Namaz mazeretlerimiz
16 Temmuz 2019, Salı 08:57
Bir Müslüman olarak başta benim nefsinde olmak üzere, çoğunluğumuz, beş vakit namazımızı kılmayız. Sorulduğunda da mutlaka bir mazeret uydururuz. Kimisi yaşının genç olduğunu, kimisi her gün her gün baş edemediğini, kimisi patrondan zarar göreceğini, kimisi kalbinin temiz olduğunu ve namaza gerek olmadığını söyleyerek, bir çok mazeret uydururuz. Bu mazeretleri çoğaltabilirsiniz.
Gerçekten namazın bir ibadet olduğunu biliriz, bunu farzlığını da kabul ederiz de niçin kılmayız? Bu soruların cevabını bende dahil birlikte vermeye çalışacağım. Bugün “ Kalbim temiz olduğu için namaz kılmama gerek yok çok namaz kılandan doğruyum” diyen bir dostumun bana yaptığı mazereti ele almak istiyorum.
Namaz sanki kalbi pis olanlara farz kılınmış gibi kendimizi savunuyoruz. Hâşâ cenab-ı Allah’a sorsak namazı hangi kalbi temize farz kıldın diye ne cevap alırız? Tembelliğimizden kılamadığımızı itiraf etsek ve tövbe etsek belki Allah af eder. Peki, bu halimizle kim bizi af edecek? Ankebut süresi 45 ayetinde cenab-ı Hak buyuruyor ki:
“ Sana vahyolunan kitabı oku. Namazı dost doğru kıl. Çünkü namaz insanı hayâsızlıktan ve münkerden alı kor.”

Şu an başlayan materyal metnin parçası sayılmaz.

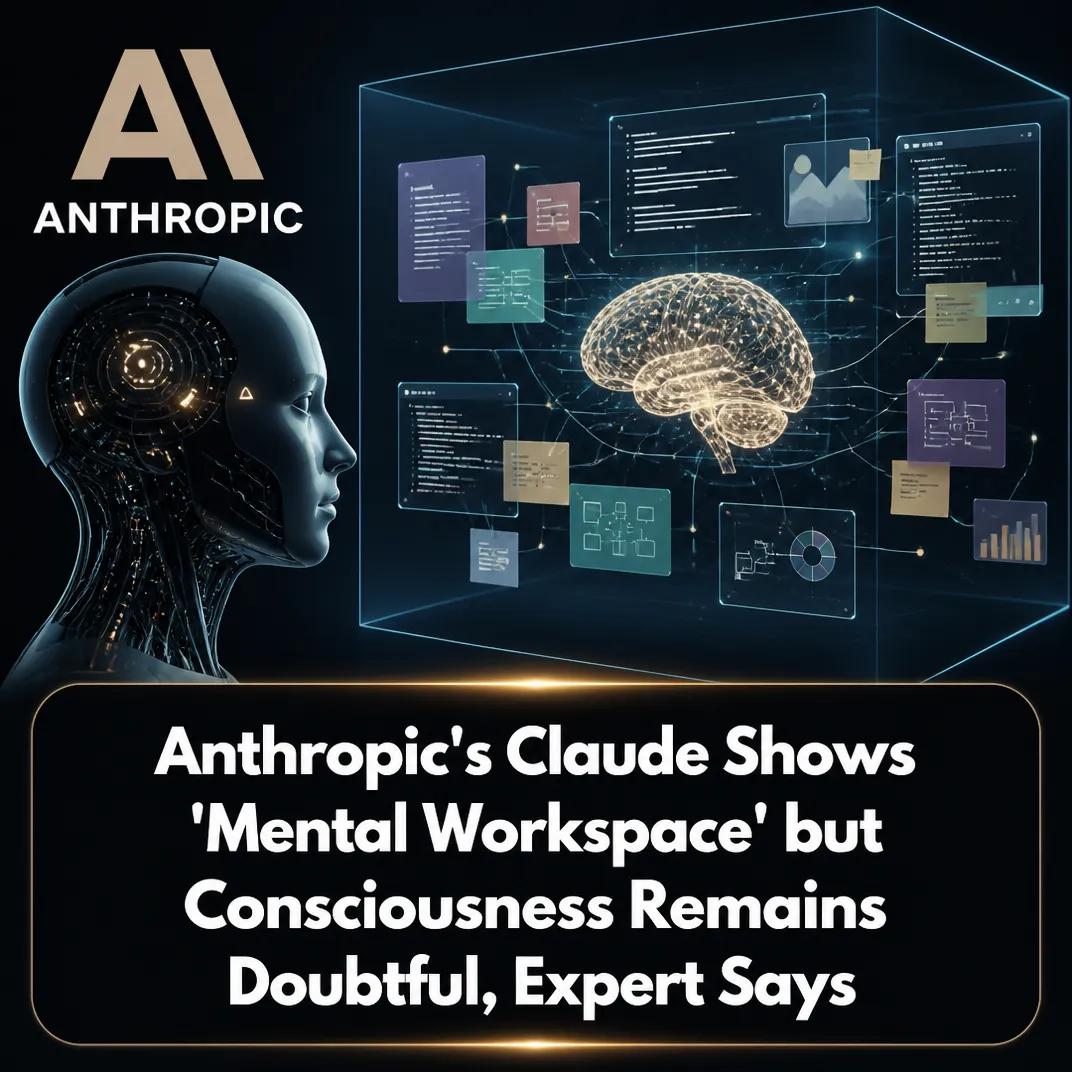 Anthropic’s Claude Shows ‘Mental Workspace’ but Consciousness Remains Doubtful, Expert Says
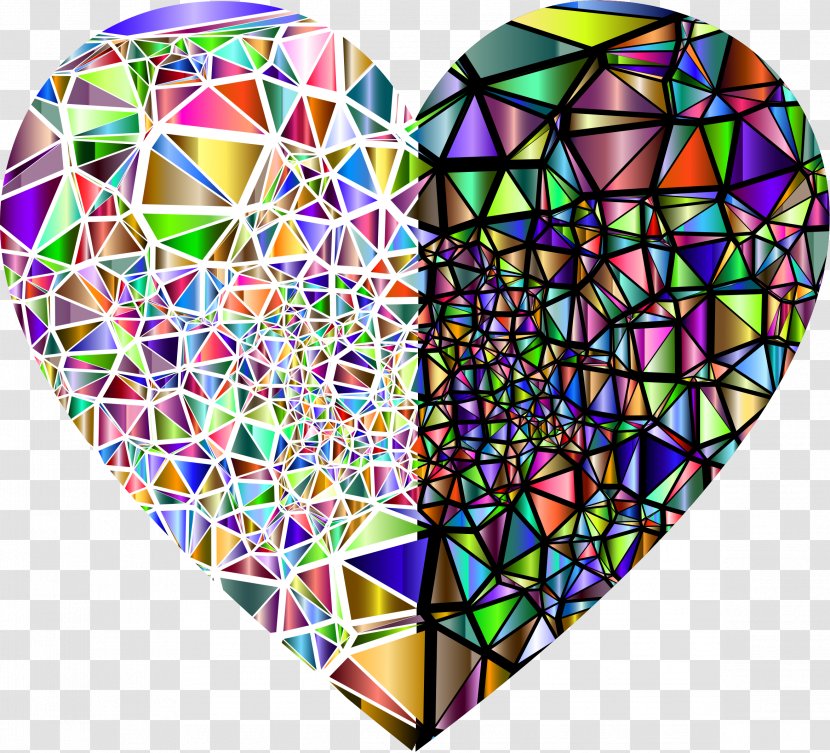 Desktop Wallpaper Heart Clip Art - Love - Abstract Polygons Transparent PNG
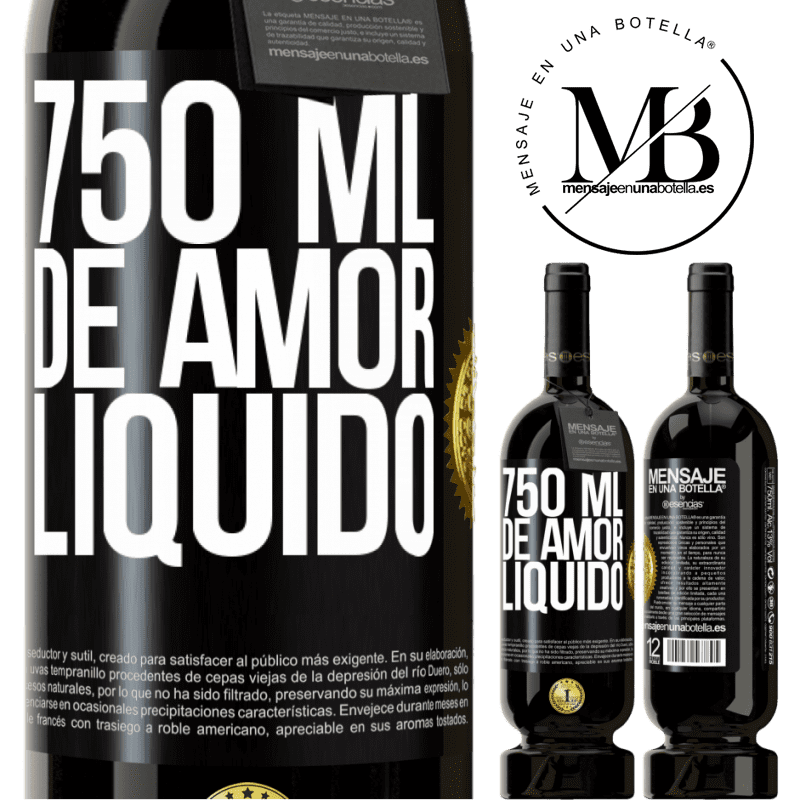 49,95 € Envio grátis | Vinho tinto Edição Premium MBS® Reserva 750 ml de amor líquido Etiqueta Preta. Etiqueta personalizável Reserva 12 Meses Colheita 2015 Tempranillo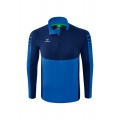 Erima Sport-Langarmshirt Six Wings Trainingstop (100% Polyester, Stehkragen, 1/2 Zip) royalblau/navyblau Herren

Demek ki, namaz müslümanım diyen herkese farz kılınmıştır. Peki, nereden çıktı bu kalp temizliği? Bunun adı niyet temizliğidir. Niyetin iyi olduktan sonra, çevrendeki insanlara kötü düşünmedikten sonra, kimsenin malında, namusunda gözün olmadıktan sonra, benim kalbim temiz sözcüğünü, âcizane ben, insanların hep iyiliğini düşünme olarak anlıyorum.
Bu vasıflar güzel ahlak sınıfına girer. Bu güzel ahlak sahibi kimselerin, ille de Müslüman olması şart değil. Bunların içinde inançlısı da, inançsızı da var. İslâm dinine göre insanda olması gereken vasıflardan biriside güzel ahlaktır. Güzel ahlakımız var diye islamın diğer tüm emir ve yasaklarını o zaman yerine getirmeyelim. Hacca da gitmeyelim, zekâtta vermeyelim, diğer ibadetleri de terk edelim.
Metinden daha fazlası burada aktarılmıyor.